You didn’t post all your code so it’s hard to tell what’s going on.

But your kernel is computing the reduction of only 1024 values per block. (You read 2 global values per thread, and reduce the 512 sums down to one.)

This is computationally inefficient… it means you’re computing 2^24/2/512 = 2^14 reductions with 2^14 blocks.
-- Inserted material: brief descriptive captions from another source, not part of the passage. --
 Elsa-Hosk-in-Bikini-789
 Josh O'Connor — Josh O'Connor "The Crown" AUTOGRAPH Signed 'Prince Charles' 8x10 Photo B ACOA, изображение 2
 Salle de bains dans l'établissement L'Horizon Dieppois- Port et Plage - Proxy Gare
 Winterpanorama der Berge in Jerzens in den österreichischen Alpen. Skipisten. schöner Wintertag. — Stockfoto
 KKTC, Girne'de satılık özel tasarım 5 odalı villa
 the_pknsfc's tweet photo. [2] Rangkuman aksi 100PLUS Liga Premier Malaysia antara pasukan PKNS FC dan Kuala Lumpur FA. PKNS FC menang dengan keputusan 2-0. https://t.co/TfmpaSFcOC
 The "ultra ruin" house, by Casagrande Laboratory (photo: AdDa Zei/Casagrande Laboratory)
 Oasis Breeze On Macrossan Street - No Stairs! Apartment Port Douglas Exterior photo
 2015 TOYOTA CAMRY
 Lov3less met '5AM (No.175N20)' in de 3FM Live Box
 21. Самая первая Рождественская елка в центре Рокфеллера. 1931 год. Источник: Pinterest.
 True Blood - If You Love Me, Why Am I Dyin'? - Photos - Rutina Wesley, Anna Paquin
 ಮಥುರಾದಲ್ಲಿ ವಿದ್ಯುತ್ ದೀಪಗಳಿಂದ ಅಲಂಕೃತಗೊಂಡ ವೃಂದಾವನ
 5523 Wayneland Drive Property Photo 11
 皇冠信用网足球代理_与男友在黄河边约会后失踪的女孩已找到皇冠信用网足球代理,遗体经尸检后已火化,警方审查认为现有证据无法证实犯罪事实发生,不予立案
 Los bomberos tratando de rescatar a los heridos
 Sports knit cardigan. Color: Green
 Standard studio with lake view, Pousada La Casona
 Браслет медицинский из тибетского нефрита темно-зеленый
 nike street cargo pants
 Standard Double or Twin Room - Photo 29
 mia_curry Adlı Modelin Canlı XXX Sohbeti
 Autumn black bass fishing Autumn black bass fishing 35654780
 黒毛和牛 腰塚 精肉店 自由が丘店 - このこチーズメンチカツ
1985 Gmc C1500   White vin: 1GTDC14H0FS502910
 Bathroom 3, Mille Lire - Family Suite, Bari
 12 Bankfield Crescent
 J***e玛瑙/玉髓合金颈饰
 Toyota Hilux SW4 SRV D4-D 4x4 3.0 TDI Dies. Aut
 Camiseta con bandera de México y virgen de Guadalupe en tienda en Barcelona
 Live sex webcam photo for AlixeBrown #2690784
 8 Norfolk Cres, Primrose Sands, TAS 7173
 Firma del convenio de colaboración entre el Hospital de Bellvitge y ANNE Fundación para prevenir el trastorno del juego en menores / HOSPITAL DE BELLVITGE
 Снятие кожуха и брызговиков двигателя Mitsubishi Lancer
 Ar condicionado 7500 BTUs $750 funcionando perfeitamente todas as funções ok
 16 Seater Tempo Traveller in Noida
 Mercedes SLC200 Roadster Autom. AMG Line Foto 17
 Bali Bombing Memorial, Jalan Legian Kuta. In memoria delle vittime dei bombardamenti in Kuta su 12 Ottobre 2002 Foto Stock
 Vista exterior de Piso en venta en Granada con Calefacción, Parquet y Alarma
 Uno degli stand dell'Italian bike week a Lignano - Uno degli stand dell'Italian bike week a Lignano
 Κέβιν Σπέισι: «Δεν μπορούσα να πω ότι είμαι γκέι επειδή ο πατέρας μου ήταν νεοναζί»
If you changed your first few lines of your kernel to do a linear accumulation over a (much) larger swath of global memory you could reduce the kernels work.
Right now each thread loads and sums two values from global memory. Change that to perhaps 256. Then you’ll only need 2^24/256/512 = 128 blocks and 128 reductions. Global memory bandwidth will be the same, but FLOPS will be cut down by two orders of magnitude.

If you use too few blocks, you’ll start getting idle SM losses, so 128 blocks is probably a decent value. 256 or 512 blocks might be better for a beefier card like a GTX285.

I belive this is what Mark Harris discusses in the final optimization step in his “Reduction” white waper (between kernel #6 and #7). However it only adds 42% more performance. So this step would not explain the huge gap we’re seing.

Also I find it a little hard to understand why adding that much “serialism” to an otherwhise extremely parallel algorithm can add that much benefit.

You’re right - we should have added the full host code, so a few people could have tried to run this puppy.